說出來不怕人笑,我六歲被師尊帶上山的時候,靈根測試是四系雜靈根,資質評級是“下下”。師尊當時就皺了眉,說“可惜了這副好皮相”。


倒是二師兄多看了我一眼,說我算學極好,過目不忘,可以放在外門管管事。


於是我就在外門待了三十年。


三十年裡,我把白鹿門外門從一團亂麻梳理得井井有條。靈田的產出翻了五倍,雜役弟子的待遇提高了一倍,外門商鋪的營收從每年三千靈石漲到了十萬靈石。


三十年后,師尊終於正眼看了我一次。


“穎川,”他說,“你入內門吧。”


我入了內門,修為從練氣三層突破到了練氣九層——不是因為內門靈氣濃鬱,是因為我終於不用操心外門那一千多號人的吃喝拉撒了。

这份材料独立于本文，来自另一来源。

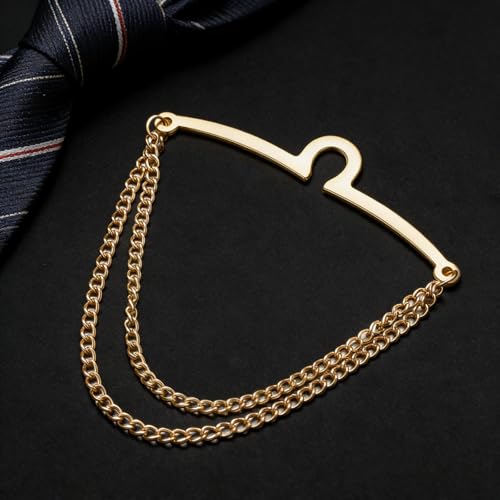 Yoursfs Tie Chains for Men Gold and Sliver Tie - style: Gold Double Tie Chains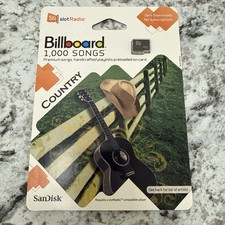 SanDisk SR Slot Radio Card Billboard 1000 Songs Country Songs Pre-loaded SD Card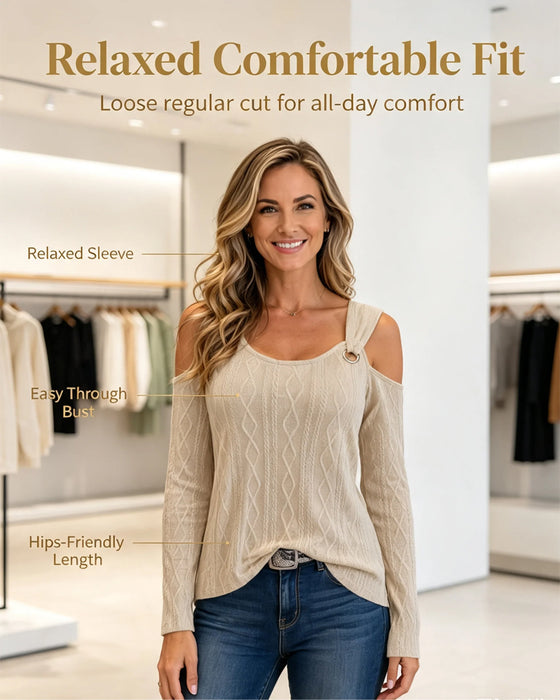 Metal Button Long Sleeve Top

此后百年,我一邊修行一邊管事兒。築基、結丹,每一步都比別人慢十倍,但每一步都走得踏踏實實。


不是我悟性差,是我沒時間閉關。


師尊和師兄們要閉關衝擊瓶頸,宗門的大小事務誰來管?財政收支誰來平衡?與其他宗門的往來誰去打理?弟子們的修煉資源誰來調配?


沒人管。


那我就管。


我接手宗門財政的時候,白鹿門的賬面上一共只有十二萬靈石,還欠著天劍宗三萬靈石的債務。靈脈等級是三階,供養一個元嬰修士和三個金丹修士就已經捉襟見肘。宗門的商鋪只有三家,還都在虧損。


我用了兩百年,把白鹿門打造成了大陸第一正門。


兩百年裡,我做了什麼?


我開商鋪。


不是那種掛著宗門招牌、等著客人上門的S鋪子。我親自下山,跑遍了大陸三十六座城池,跟每一個城主喝酒、聊天、稱兄道弟。我把白鹿門的丹藥鋪開到了每一座城池的黃金地段,把白鹿門的法器鋪開到了每一個散修聚集的坊市。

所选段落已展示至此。